TikTok, Bruxelles et les urnes : les paradoxes d’une élection – Ingérences et annulations : le feuilleton électoral roumain…
Par Radu Portocala.
« Maintenant, la politique internationale doit avoir des airs de cour de récréation. »
28 novembre – Mon dernier billet pouvait laisser l’impression que je suis un partisan de Calin Georgescu, gagnant du premier tour. Je ne le suis pas. Il est vrai que sa méfiance à l’égard de l’U et de l’OTAN me convient, tout comme sa volonté d’arrêter l’aide roumaine à l’Ukraine. Ces idées ont provoqué l’ire de ceux qui, en Occident, veillent à la correctitude politique – à tel point que des propos qu’il tient et qui sont du domaine de l’insensé ont été ignorés.
Ce qui m’intéressait, c’était la réaction de la presse face à cette victoire – qui, somme toute, n’est pas définitive, puisqu’il s’agit d’une élection à deux tours.

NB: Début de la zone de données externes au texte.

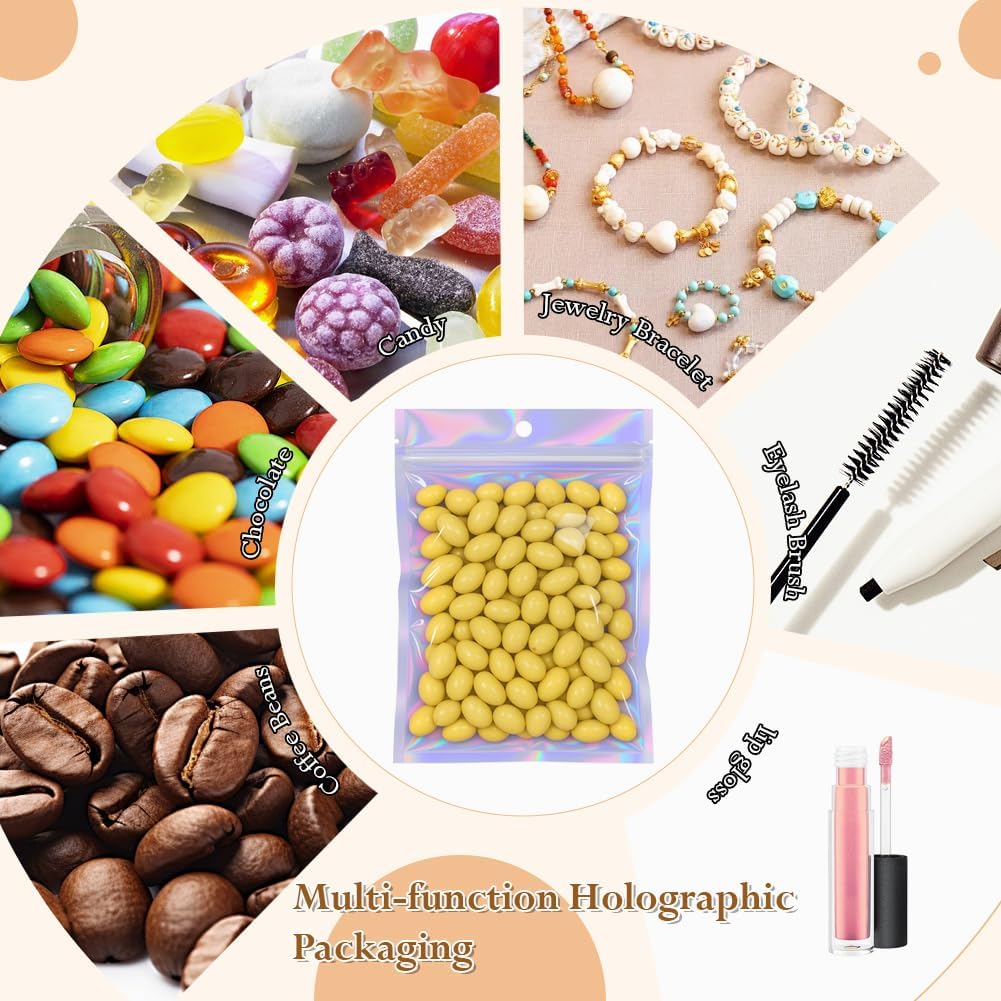 HRX Package Holographic Ziplock Bags, 14x20cm Sealable Mylar Sweet Pouch Foil Bags for Wax Melt Packaging Food Sample Bags(Pack of 50) - Image 5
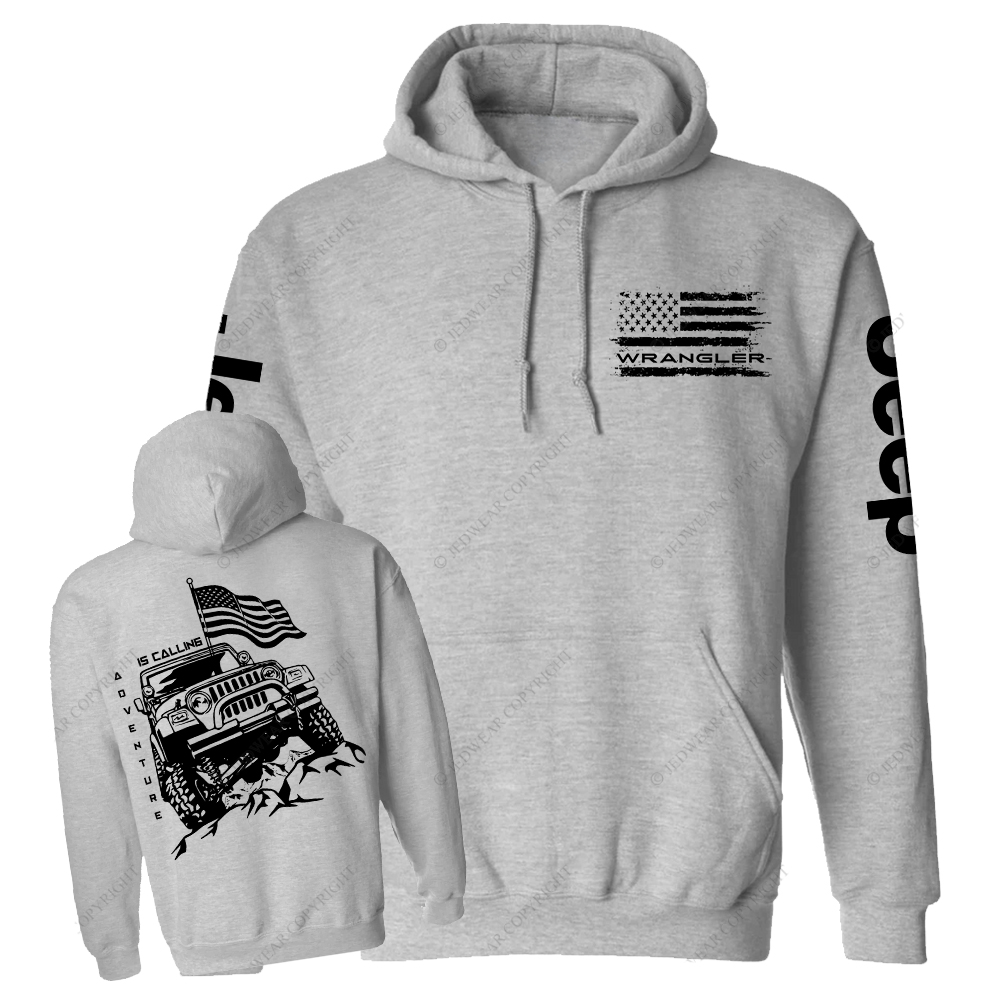Adventure Is Calling Wrangler Offroad 4x4 Jp Casual Hoodie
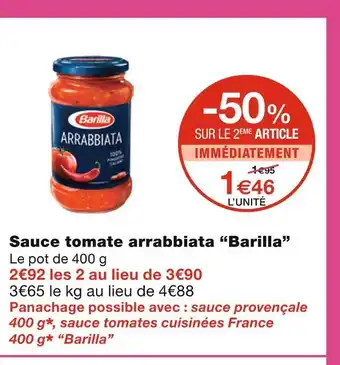 Monoprix Barilla sauce tomate arrabbiata offre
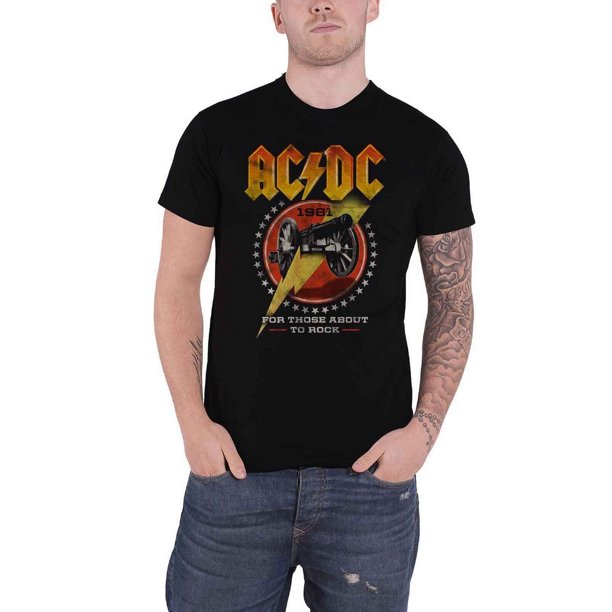 AC/DC - Camiseta For Those About To Rock '81 para Adultos Unisex (Negro)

Ce qui s’est passé depuis ma publication me semble bien plus intéressant que les remarques sur le traitement journalistique de l’affaire. M. Georgescu a fait massivement campagne sur TikTok. À une époque pénible, des moyens pénibles. Cette plateforme a été, donc, considérée comme coupable de la victoire d’un indésirable. Par conséquent, il a été demandé au patron de TikTok de venir s’expliquer devant les instances de l’Union européenne. Je ne sais pas s’il répondra à cette convocation, mais la démarche de Bruxelles est bien curieuse.
À Bucarest, il a été demandé que TikTok soit interdit pour toute la période électorale. Je ne suis pas sûr que, techniquement, cela soit possible.
Et toujours à Bucarest, la Cour constitutionnelle a été saisie d’une demande d’annulation du premier tour de l’élection au motif que M. Georgescu a été favorisé par TikTok et que, donc, la plateforme a influencé sur le résultat de l’élection. La Cour statuera lundi.
29 novembre – Il me faut revenir sur cette affaire électorale qui agite la Roumanie. Affaire de plus en plus compliquée, qui fait surgir de nouvelles questions.
J’ai reçu hier soir une très longue liste de propos tenus par Calin Georgescu, propos dont la plupart ne sont pas « complotistes », comme il a été dit, mais tout simplement délirantes. On est en droit, en les lisant, de se poser des questions gênantes sur la santé mentale du candidat. Et il n’y a ici aucune exagération, aucun parti pris.
Quand quelqu’un dit : « Christ est ressuscité pour que le peuple roumain devienne le phare de l’humanité » ou « La neutralité de la Roumanie est inscrite dans les étoiles qui veillent sur ce peuple » ou « Les boissons gazeuses contiennent des nano-chips qui annihilent la pensée des Roumains » parmi des dizaines d’autres du même acabit, la question s’impose.
Les Roumains auraient-ils, donc, voté pour un exalté ? Dans l’état d’inculture politique dans lequel ils se trouvent, c’est une hypothèse qu’on ne peut exclure. Mais on peut également se dire qu’ils ont voté pour quelqu’un qui leur a dit que l’UE et l’OTAN ne leur sont pas vraiment favorables, qu’ils sont traités, dans ces institutions, comme des citoyens de troisième zone, que leur souveraineté est bafouée, et que la continuation obstinée de la guerre en Ukraine leur est nuisible. Dans ces domaines, il n’est pas absurde de le suivre. Et il va de soi que c’est pour cela que Bruxelles lui en veut.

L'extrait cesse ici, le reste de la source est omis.